Questo non è un giudizio di merito, anzi. Trump è il massimo rappresentante dell’estrema destra al potere nel mondo occidentale (era così anche 8 anni fa), vero, ma innanzitutto gli va riconosciuto di aver meritato di vincere. E se non per merito suo, quanto meno per demerito degli avversari. Perché la campagna elettorale americana è una cosa seria, serissima, per la quale si muove uno spaventoso mare di denaro. Difficile inserirsi già in corsa, a un mesetto dalle elezioni, e pensare di vincere. Certo dirlo ora è facile e vale poco, ma forse Kamala Harris non ha mai avuto una concreta chance di vittoria.
Drill baby drill
Non è un giudizio di merito, dicevamo, ma un’analisi molto semplice delle politiche trumpiane, quelle che furono e quelle che probabilemente saranno. Su tutte, a proposito di sopravvivenza, le politiche climatiche. Drill baby drill, trivella baby trivella, uno degli slogan usati da The Donald in questa campagna elettorale. Per Trump i combustibili fossi sono ancora attualissimi, altro che rinnovabili e batterie elettriche, con ogni probabilità ritirerà di nuovo gli USA dalla conferenza sul clima, la COP di cui abbiamo già parlato in passato e che l’11 novembre vedrà l’inizio della 29esima edizione. Insomma gli States torneranno a non curarsi delle emissioni di gas serra, e parliamo pur sempre di un paese che per larga parte della sua storia è stato il più grande inquinatore mondiale (oggi è secondo dietro la Cina).
Vengo in pace
Poi c’è il tema dei conflitti internazionali, sul quale Trump si propone come il grande pacificatore. Da un lato sembra accattivante l’idea di un mondo dove gli USA non siano più o meno arbitri di ogni guerra, dall’altro è bene chiedersi quale sarà il prezzo. Nel conflitto russo-ucraino, in primis, il neo-presidente ha più volte promesso di far sedere le parti al tavolo dei negoziati di pace. Per farlo però gli occupati dovranno fare delle concessioni agli invasori. Intanto la Russia ha lanciato un massiccio attacco con droni su Kiev, la capitale dell’Ucraina, poche ore dopo il successo di Trump. Un sadico modo per festeggiare, suppongo.
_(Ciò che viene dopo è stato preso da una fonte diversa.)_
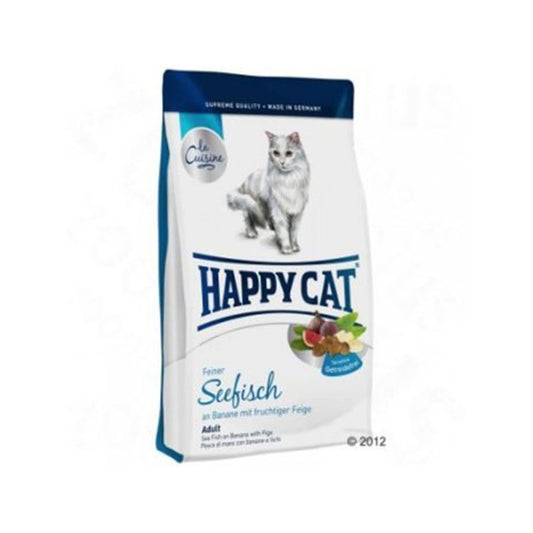 HAPPY CAT SENSIT.PESCE/PO/PAT.300gr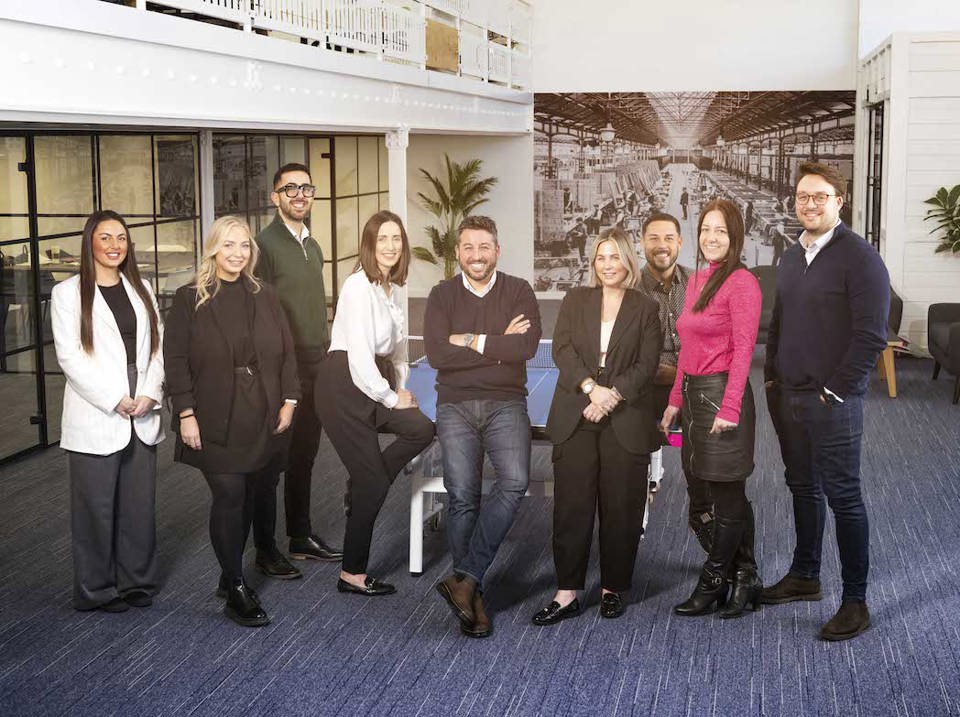 Specialist Recruiter Coleman James is celebrating the opening of its new  Doncaster office following its continued growth in the Rail sector. Credit: Lee Dobson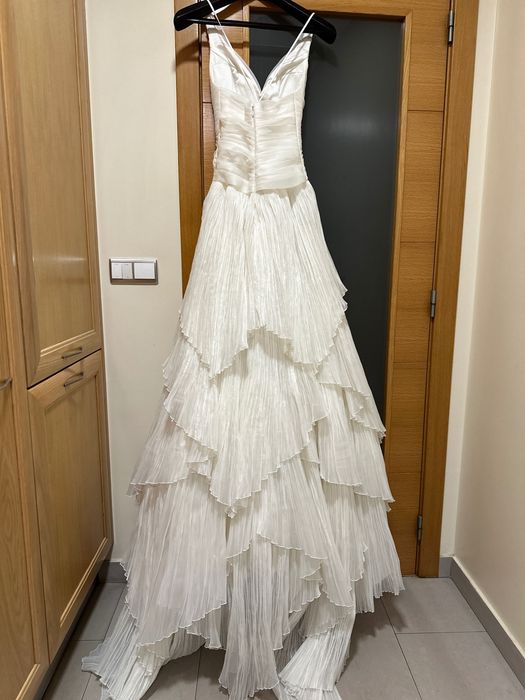 Vestido de NOIVA, lindissimo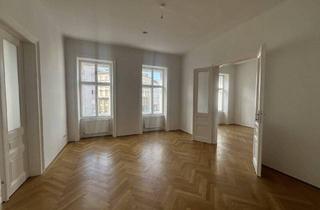 Wohnung mieten in Alserbachstraße, 1090 Wien, UNBEFRISTET - Helle 3,5-Zimmer Altbauwohnung mit Abstellraum und Kellerabteil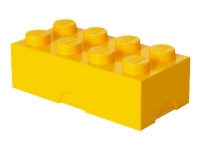 LEGO Lunch Box 8 - Matlagringsbeholder - gul Kjøkkenutstyr - lunsj - Matboks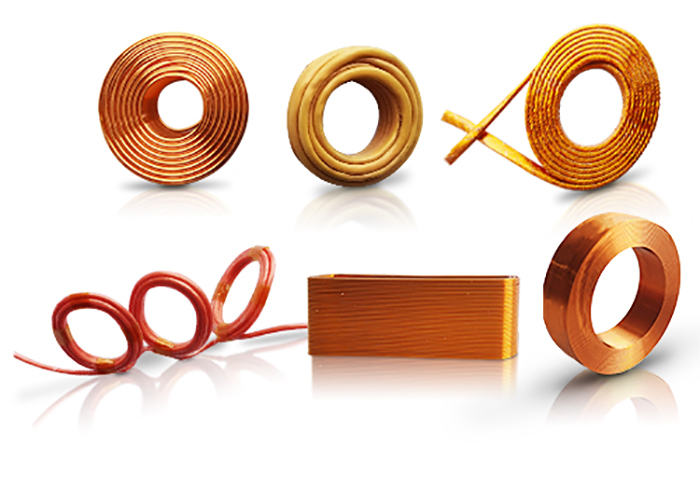 Consuetudine auto-tenaces coil et irregulares auto-tenaces coil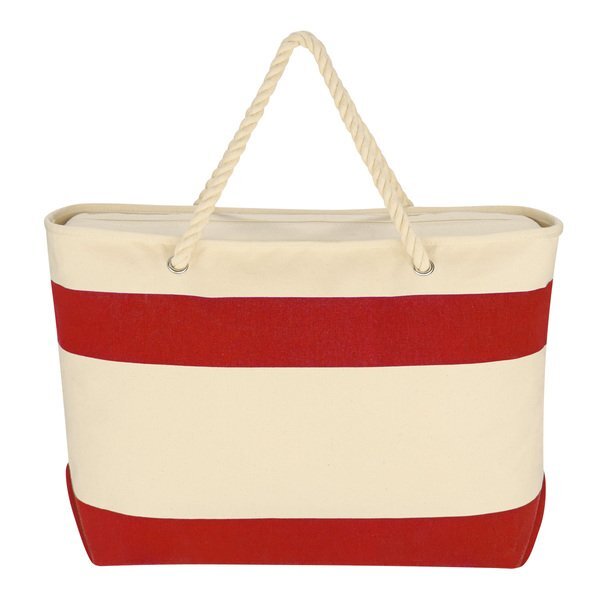 Large Cruising Cotton Canvas Tote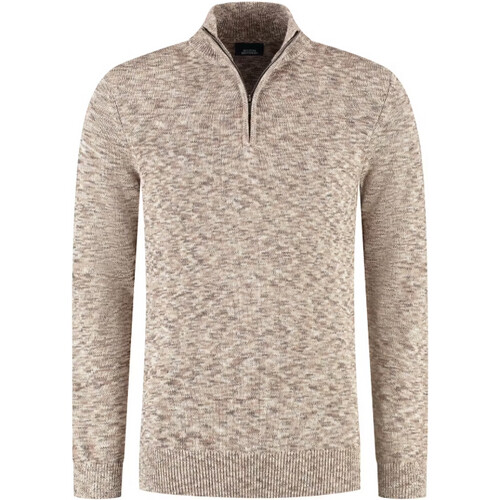 Tweedekans Boston Brothers Twisted Half Zip Pullover - Sand - Maat XXL Tweedehands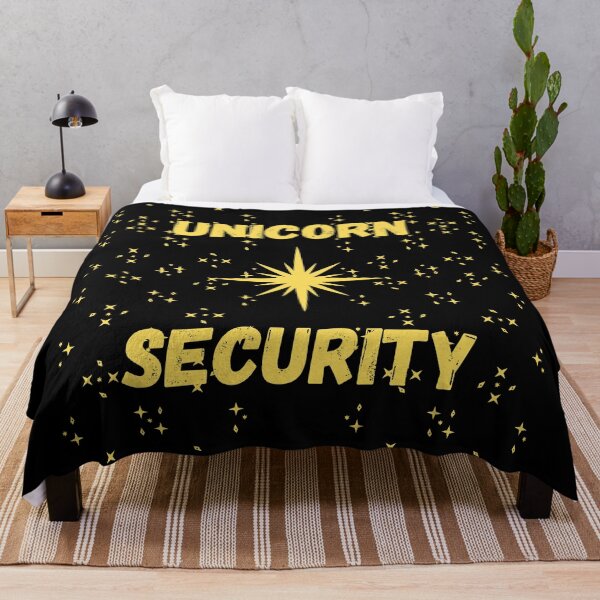 Item preview, unicorn security designed and sold by LoseL.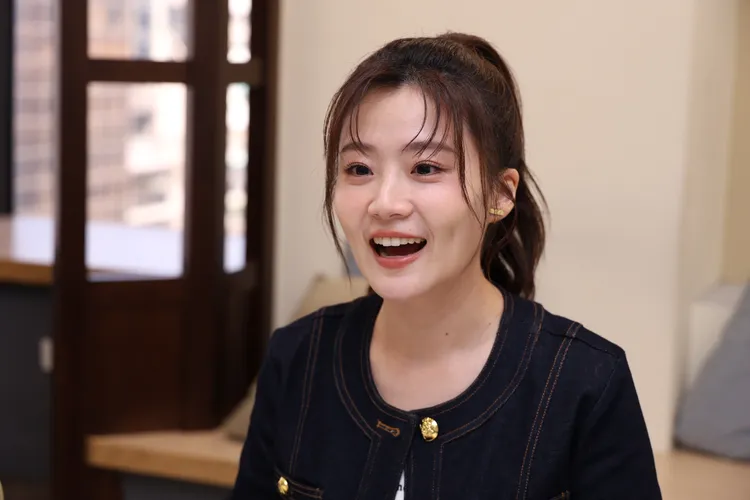 為了做節目，楊小黎壓力大到長皮蛇。莊宗達攝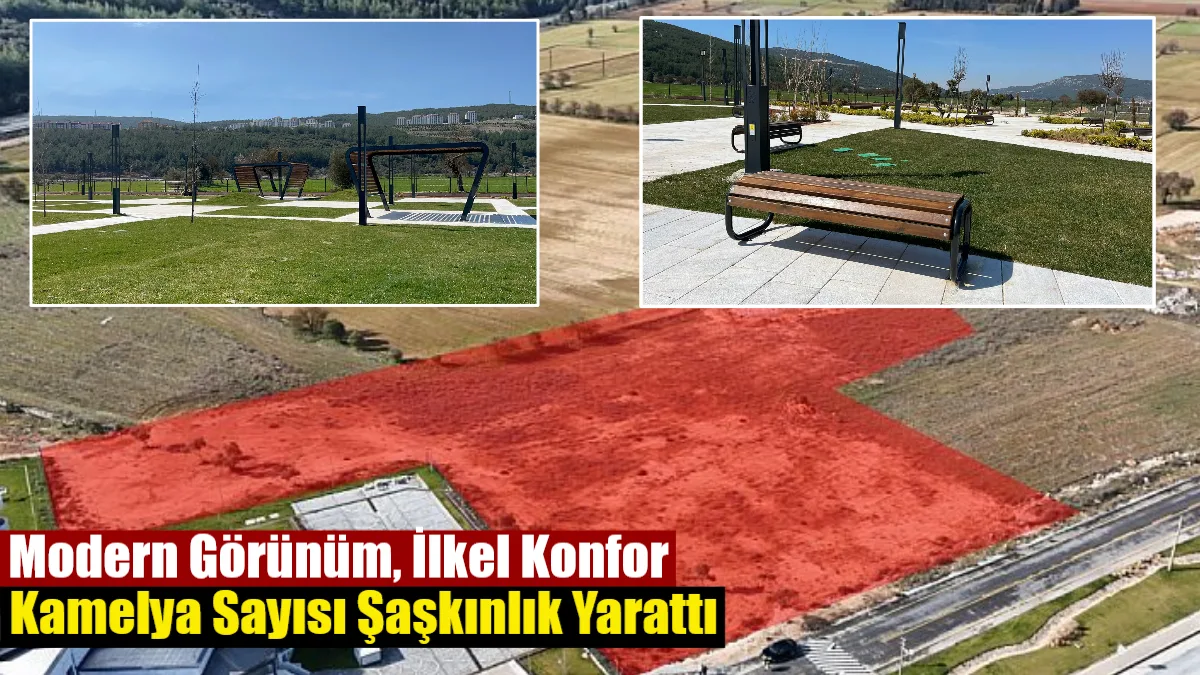 Muğla Büyükşehir Belediyesi’nin Cengiz Bektaş Kent Belleği yanındaki park projesi,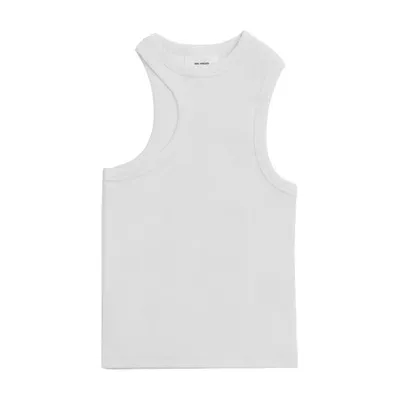 Axel Arigato Scoop Tank Top In White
Sul fronte dell’occupazione militare della Palestina da parte di Israele le cose non andranno meglio, ma in questo caso credo non sarebbe andata meglio nemmeno se avesse vinto Kamala Harris. Il destino dei palestinesi non è nelle loro mani, ovviamente, ma al massimo in quelle dei paesi del Golfo (Arabia, Emirati…) e del Medioriente, su tutti l’Iran. Con quest’ultimo l’allora presidente Obama aveva cominciato un processo di pace che prevedeva la denuclearizzazione del paese (più specificamente l’eliminazione delle scorte di uranio, che serve appunto per alimentare l’energia nucleare). Un accordo che Trump abbandonò dopo nemmeno due anni dall’inizio del suo primo mandato da presidente.
Prima l’America
E poi ci sono i conflitti futuribili, penso in particolare alla Cina che da anni insidia l’indipendenza della vicina isola di Taiwan. L’ormai ex presidente Biden si era impegnato a proteggere il paese dalla minaccia cinese, Trump potrebbe lasciar correre nel rispetto del suo America first, viene innanzitutto prima l’America. Lo sa bene l’Afghanistan, paese abbandonato dagli States (e alleati, tra cui l’Italia) al regime dei talebani dopo 20 anni di presenza americana sul campo. Un addio attuato da Biden, ma precedentemente deciso da Trump.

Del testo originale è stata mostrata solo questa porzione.